Humza Yousaf has admitted the two-year police investigation into the SNP’s finances has cut through with voters and become a problem for the party on the doorstep.
“I’m afraid when I go on the doors people do raise it and it has had an impact,” he said.
The First Minister said he had instituted improved governance procedures as SNP leader, but acknowledged might not stop “human error or worse” creeping in.
Mr Yousaf was speaking to broadcaster Iain Dale’s All Talk show in his second appearance on the Edinburgh Fringe this week.
The 300-seat theatre was around two-thirds full at the Pleasance EICC where the day before his predecessor Nicola Sturgeon had almost packed out a 1200-seat auditorium.
Ms Sturgeon, her husband the former SNP chief executive Peter Murrell and former SNP treasurer Colin Beattie have all been arrested and released without charge as part of Operation Branchform since Mr Yousaf became FM In late March.
Detectives are investigating whether £660,000 raised by the SNP specifically for Indyref2 was misspent.
Mr Yousaf said he had repeatedly been frustrated at the way the issue had dominated the first 130 days of his administration, but he said it was out of his control.
Asked how long he thought the probe would depress his and the SNP’s popularity and what he could do about it, he said: “We’re still the most popular party in the country.
“We have had the most difficult few months of my party’s, certainly modern, history.
“I can’t remember a more difficult time than the last few months, but yet we still remain ahead because people genuinely do trust us to perform on a variety of issues.
“In terms of how long it will last and how long it will take to have an impact, I don’t know. I genuinely don’t.
“I hope it comes to a conclusion sooner rather than later because I would be fooling everybody listening and those in the audience if I suggested it hasn’t had an impact.

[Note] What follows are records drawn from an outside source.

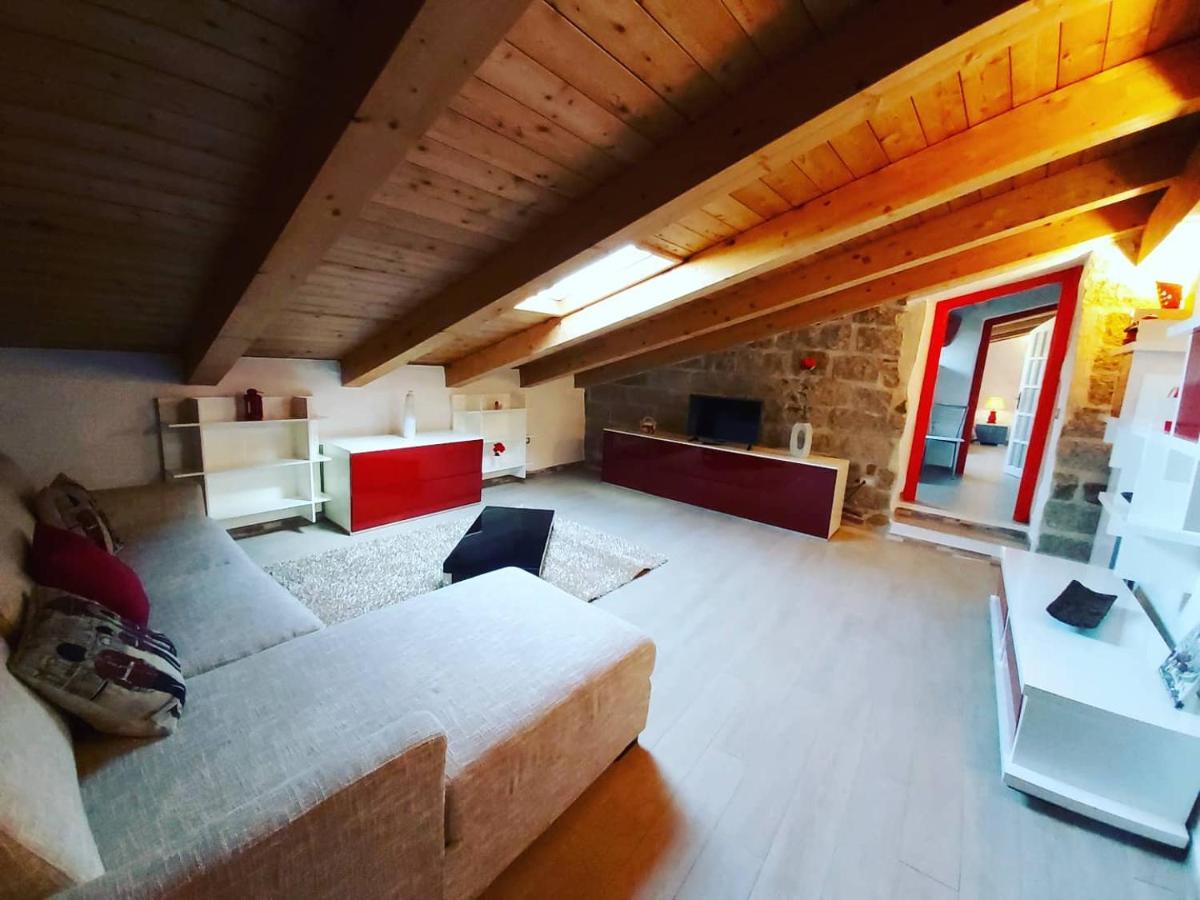 Al Vecchio Corso B&B Tempio Pausania Exteriör bild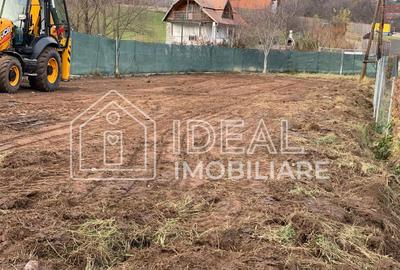 Teren intravilan 565 mp Rășinari – Tropinii Vechi - 9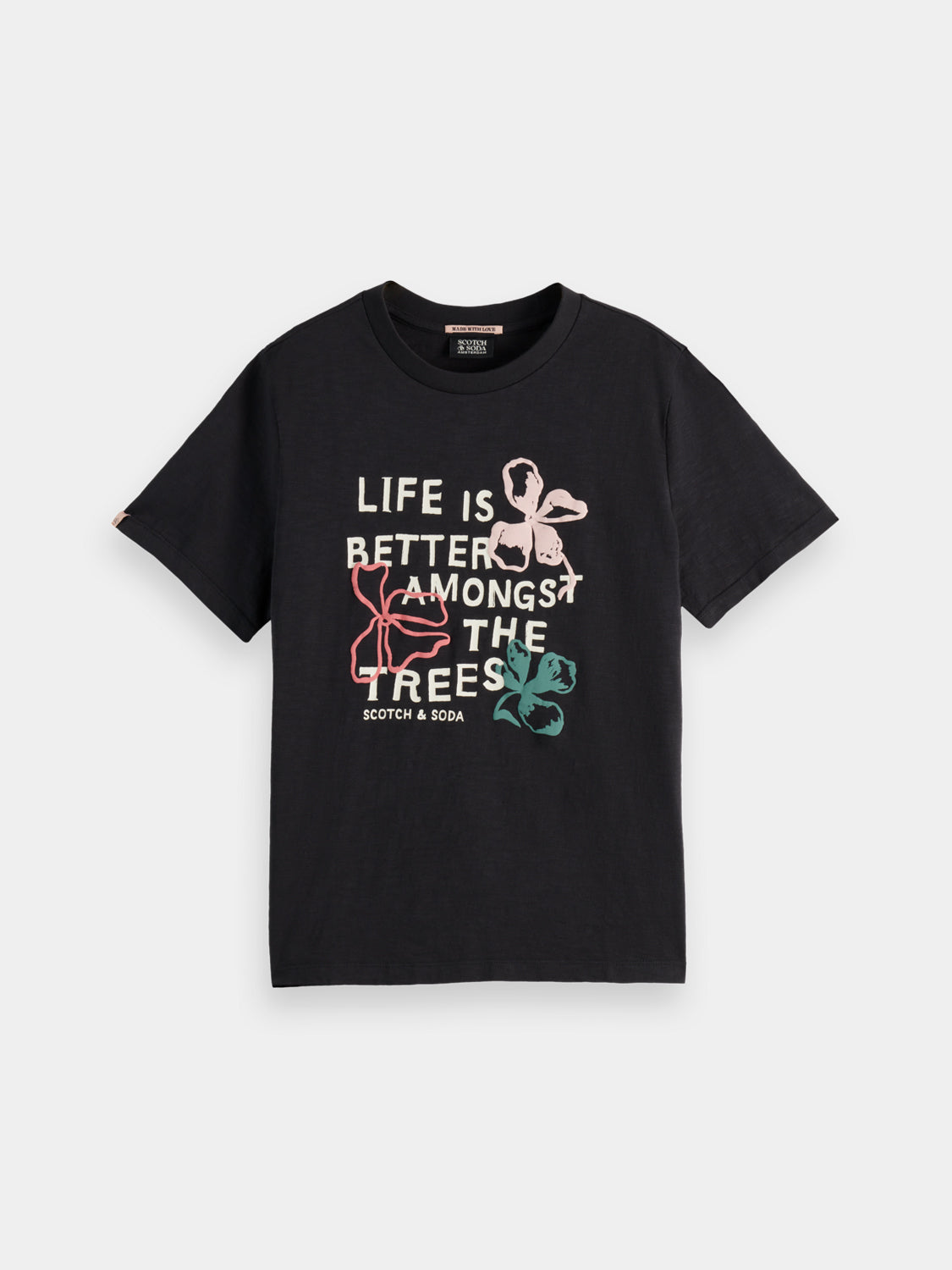 Puff artwork t-shirt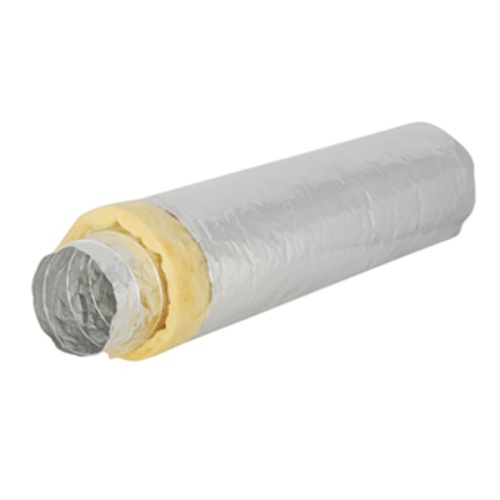 Воздуховод звукоизолированный Sonodec® - 25 (125 мм/10 м)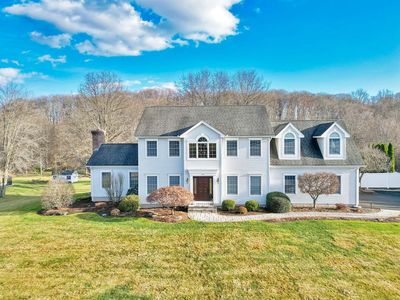 141 Silver Creek Dr, Suffield, CT, 06078
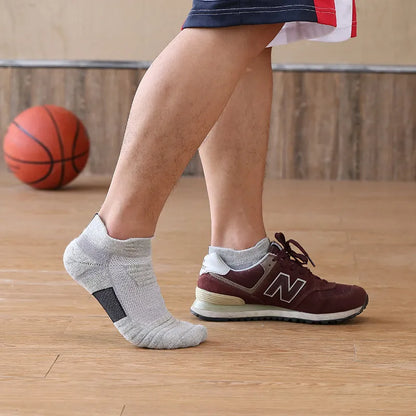 Anti-Slip Cotton Football Socks - Short/Long Tube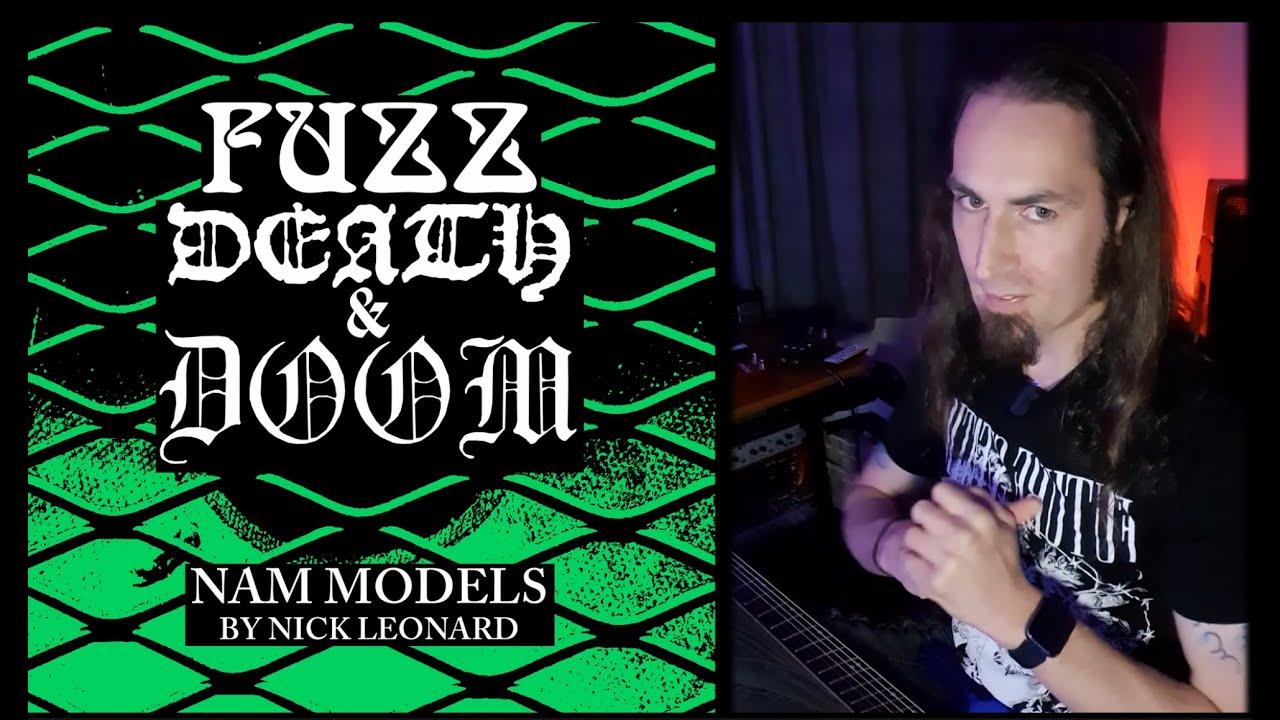 Пакет профилей Fuzz, Death и Doom!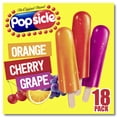 thumbnail image 2 of Popsicle Pops Glacés Orange, Cerise et Raisin 18 x 48 ml, 2 of 7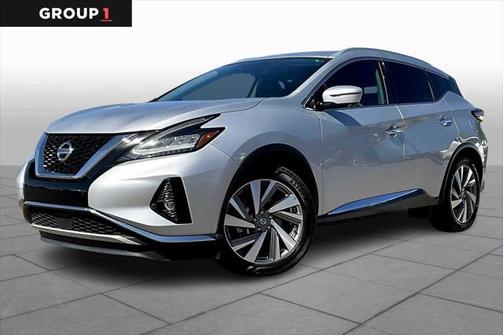 2020 Nissan Murano SL Intelligent AWD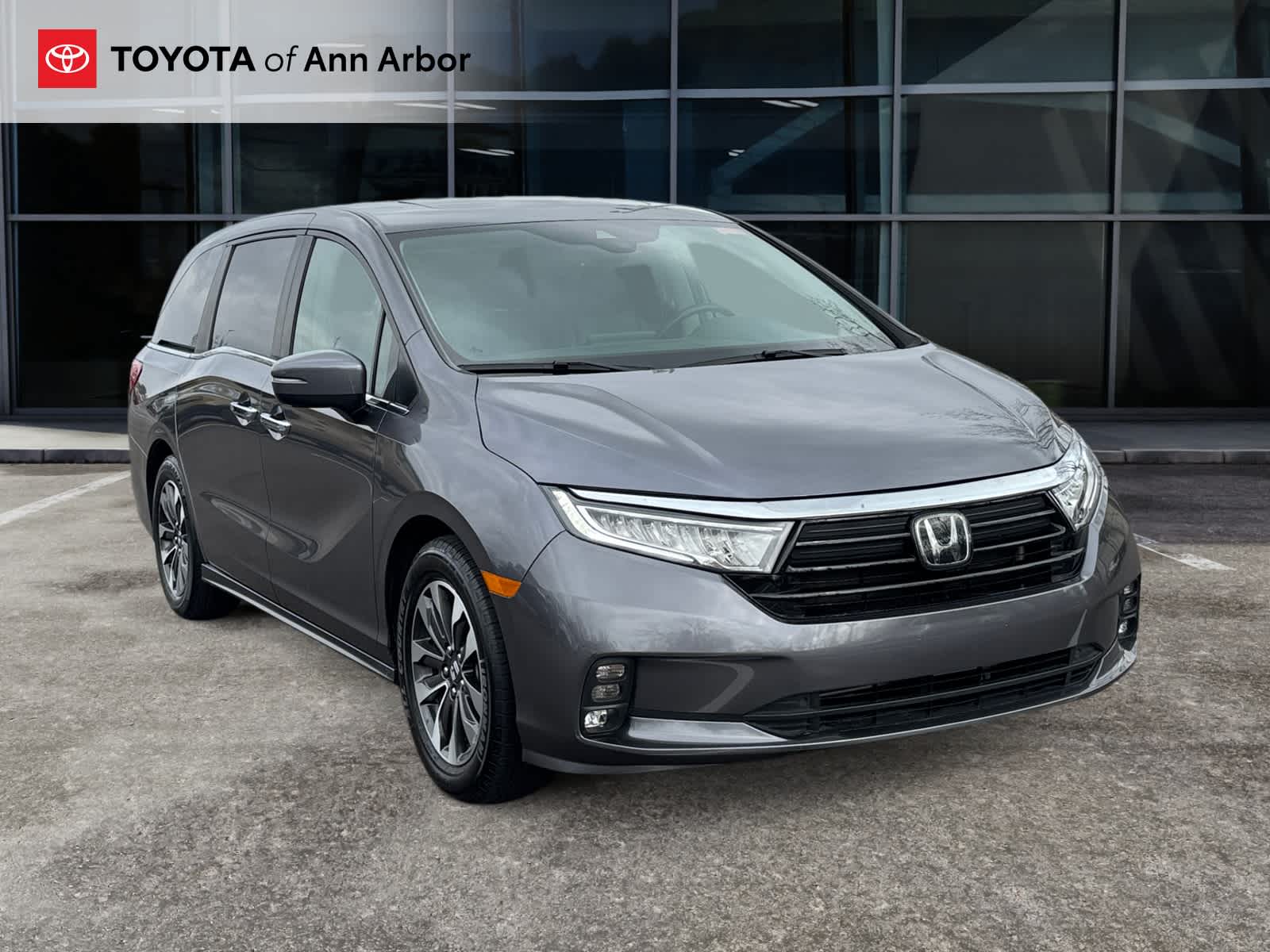 2024 Honda Odyssey EX-L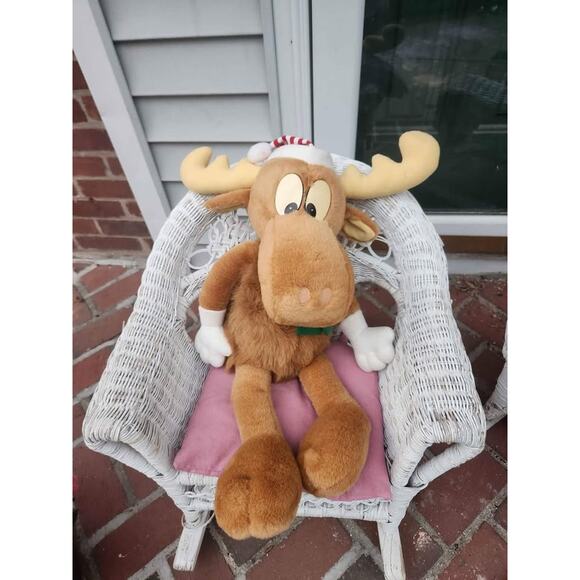 vintage bull Winkle plush toy 24 in tall - Picture 1 of 4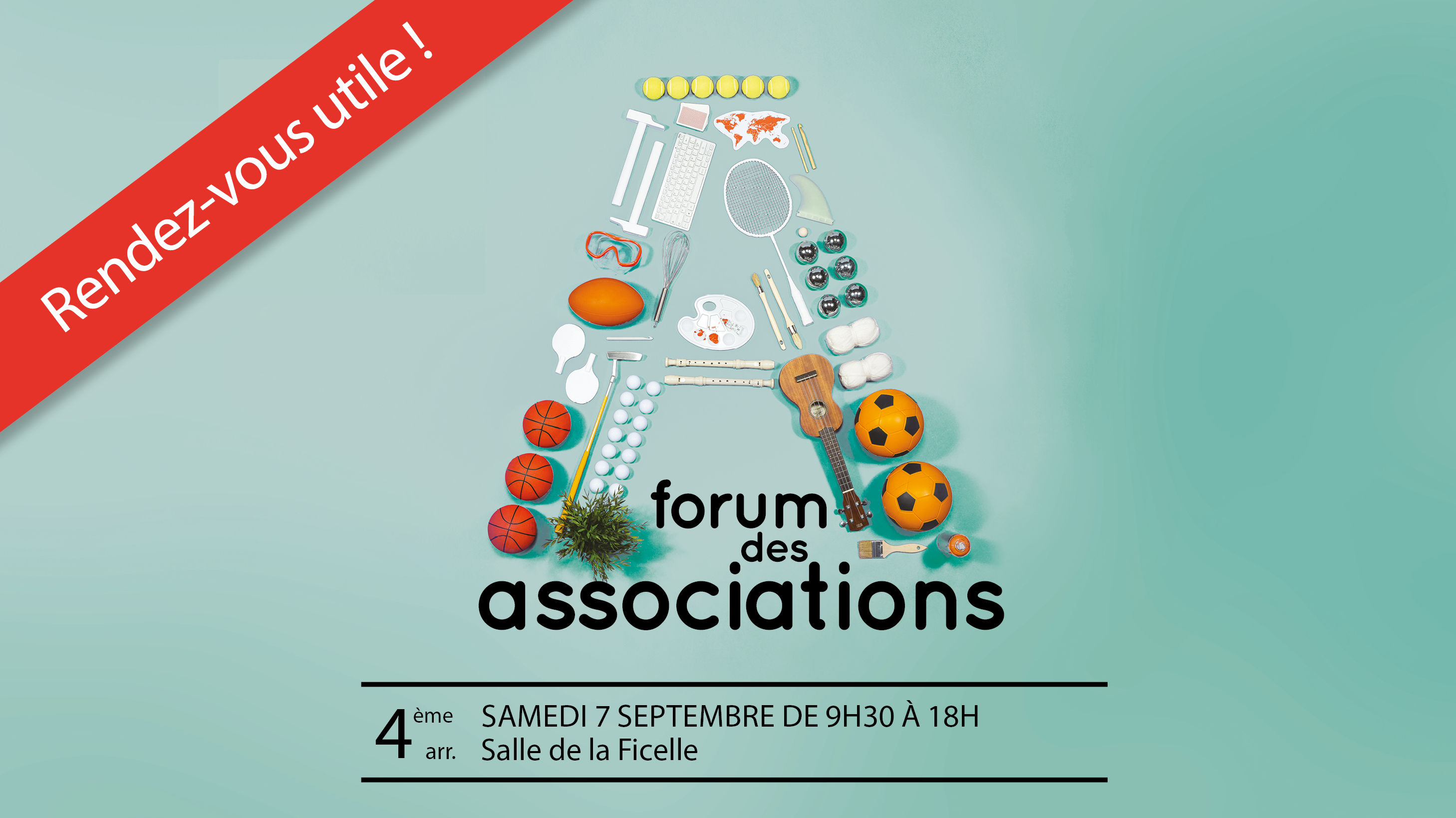 Forum des associations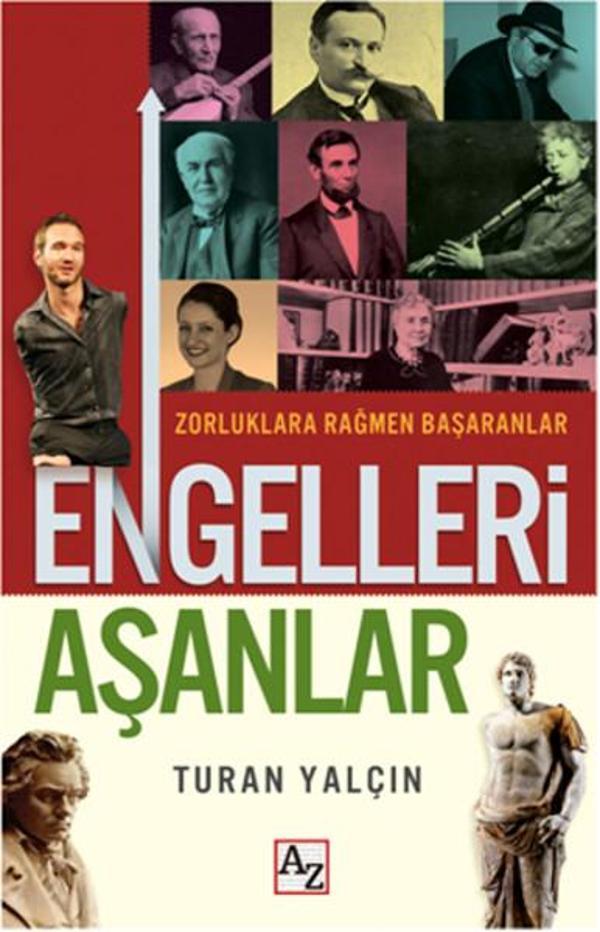 Engelleri Aşanlar - Az Kitap - Image 1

“I’m afraid when I go on the doors people do raise it and it has had an impact.
“The number one issue is still the cost of living crisis, there’s no two ways about it.
“I’ve been chapping doors in Rutherglen & Hamilton West [for the byelection] for many, many weeks. That is the issue.
“But again I would not be entirely truthful with you if I suggested that it hasn’t come up. Of course it’s come up. So I hope it gets resolved sooner rather than later.”
Asked if had a plan to ensure there is not another financial scandal in the SNP, Mr Yousaf said: “Yes, but there might be a bit of a caveat which I’ll come to in a second.
“The first thing I did actually at the first National Executive Committee meeting I chaired as First Minister was to say we don't know the outcome of the police investigation, but I can tell you governance and financial oversight need to be improved in this party.”
Mr Yousaf said SNP President Mike Russell and former health secretary Jeane Freeman were reviewing the party’s structures, with a report due at the party’s conference in October.
But he added: “You can have all the best procedures in the world in place - and I have to be careful what I say here - but that doesn't necessarily stop human error creeping in, or worse.
“The police investigation will take its own course and we will just have to see what happens.
“I can’t allow myself - not just as party leader, but most importantly as First Minister to be distracted by it.”